“How to feed the world in 2050” is a question many researchers and policymakers are now examining as developing countries map strategies for achieving food security in the coming decades. Participants in a Jan. 18 IFPRI seminar looked at some of the diverse approaches research must take.
“Global security is at stake unless rapid action is taken to address food security challenges,” said Marie de Lattre-Gasquet of the French Agricultural Research Center for International Development (CIRAD), who is also Senior Foresight Scientist for the CGIAR consortium. Many policy makers have urgent questions regarding their possible food futures, she said, and they need new tools and approaches to make the right investments and interventions.
IFPRI is actively working on these issues via its Global Futures and Strategic Foresight program, supported by the CGIAR Policy, Institutions and Markets program and other donors, moderator Siwa Msangi, an IFPRI Senior Research Fellow, told participants in the seminar, “Visioning the Future of Food Security: Critical Drivers to 2050, Key Vulnerabilities, and Needed Policy Interventions.”
The Agrimonde-Terra foresight study, conducted by scientists from CIRAD and the French National Institute for Agricultural Research (INRA), is another key effort, de Lattre-Gasquet said. It focuses on identifying how evolving patterns of land use, socioeconomic change and other drivers affect food security and food systems at global and regional levels. Using the example of Africa South of the Sahara, de Lattre-Gasquet described the critical components needed to move towards the more desirable pathway outlined in the report’s “healthy” scenario. It will take multi-stakeholder cooperation to achieve the transformation needed to change course away from the current trajectory, she said. Among the necessary conditions are secure access to land, credit, and infrastructure; diversity of seeds available to everyone; and intellectual property rules favoring diversity in agriculture and the broader landscape.

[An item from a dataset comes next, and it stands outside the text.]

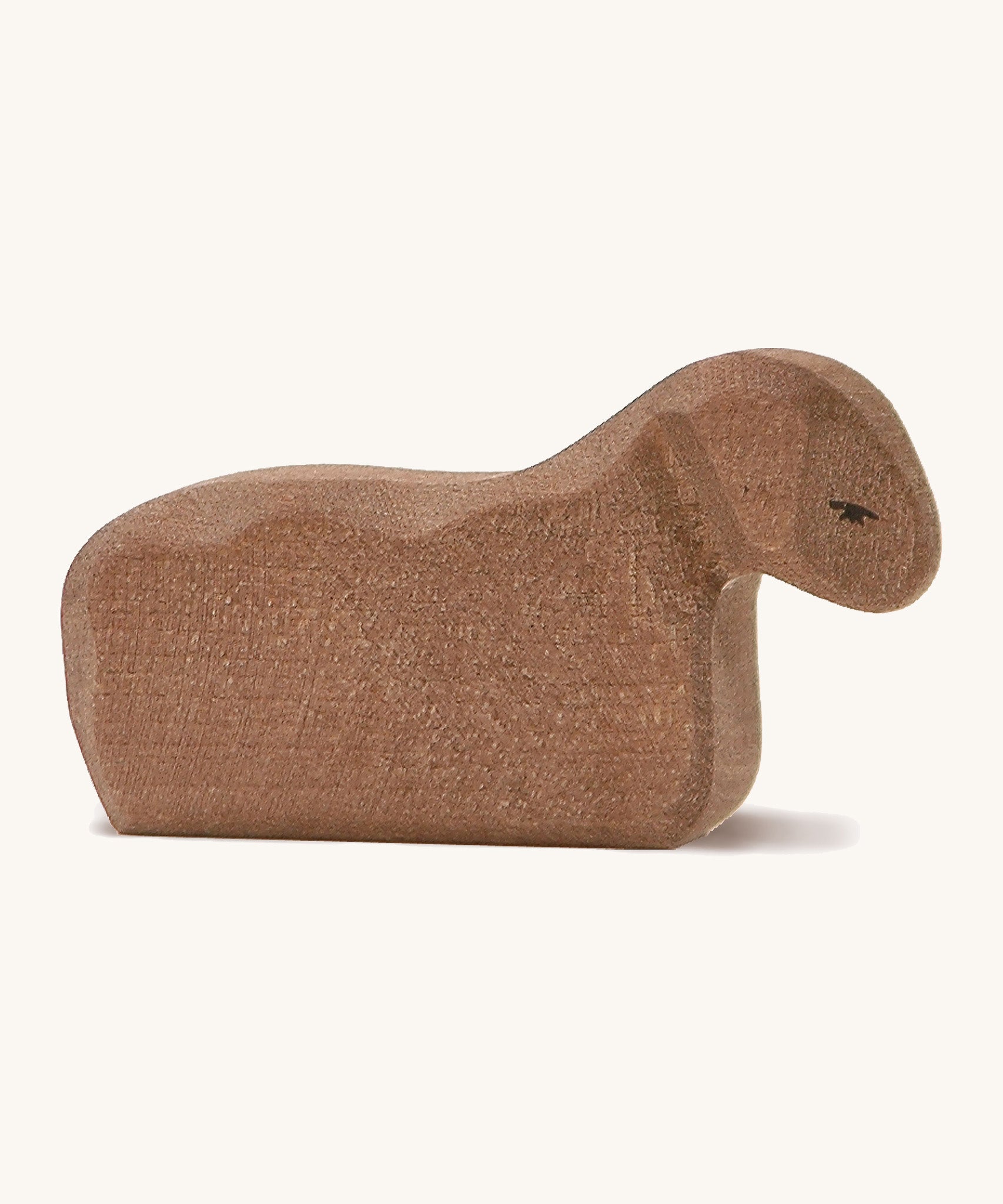 A brown wooden Ostheimer resting lamb on a cream background.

David Laborde, a Senior Research Fellow at IFPRI, said that quantitative food security research requires knowledge and insights from different disciplines and stakeholders coming together on common ground. “If we want to design policy action, we must understand the drivers … it is critical to have a rigorous quantitative assessment linked to a qualitative story,” Laborde said, citing the EU-funded FoodSecure project that he worked on with multiple institutions.
Injecting a different perspective, Thomas Hertel, Distinguished Professor of Agricultural Economics at Purdue University, explained that with projected slower population growth, the world will not have to run as fast to keep up in the supply and demand foot race to feed itself. Much population growth is taking place in poorer countries, he said, and that results in a lower global burden to the food system due to the less-intensive consumption habits of those regions. Policy makers and scientists must also consider the possibility of food prices falling, rather than rising or remaining high in the future, Hertel cautioned. We do not know what will happen in markets, or how consumers may respond to increased income, a key driver of food market dynamics.

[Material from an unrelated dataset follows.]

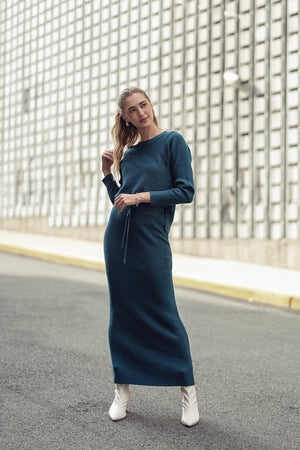 Teal ribbed sweater skirt by Adina Las Vegas, featuring a fitted design and soft knit fabric for a stylish look.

While studies must look forward, IFPRI Senior Research Fellow Will Martin stressed the difficulty of attempting to predict the future. Rather, the scenario approach is a useful way to group together key drivers of change and potential trends that could unfold, as a way of helping scientists think about the future and to “organize our ignorance,” he said. Martin added that emerging patterns of income convergence he has observed in his own studies point to a stronger potential for inclusion and income growth that will have their own significant impacts on future demand and food prices.
Katarlah Taylor is an IFPRI Information and Knowledge Management Facilitator; Siwa Msangi is a Senior Research Fellow in IFPRI’s Environment and Production Technology Division.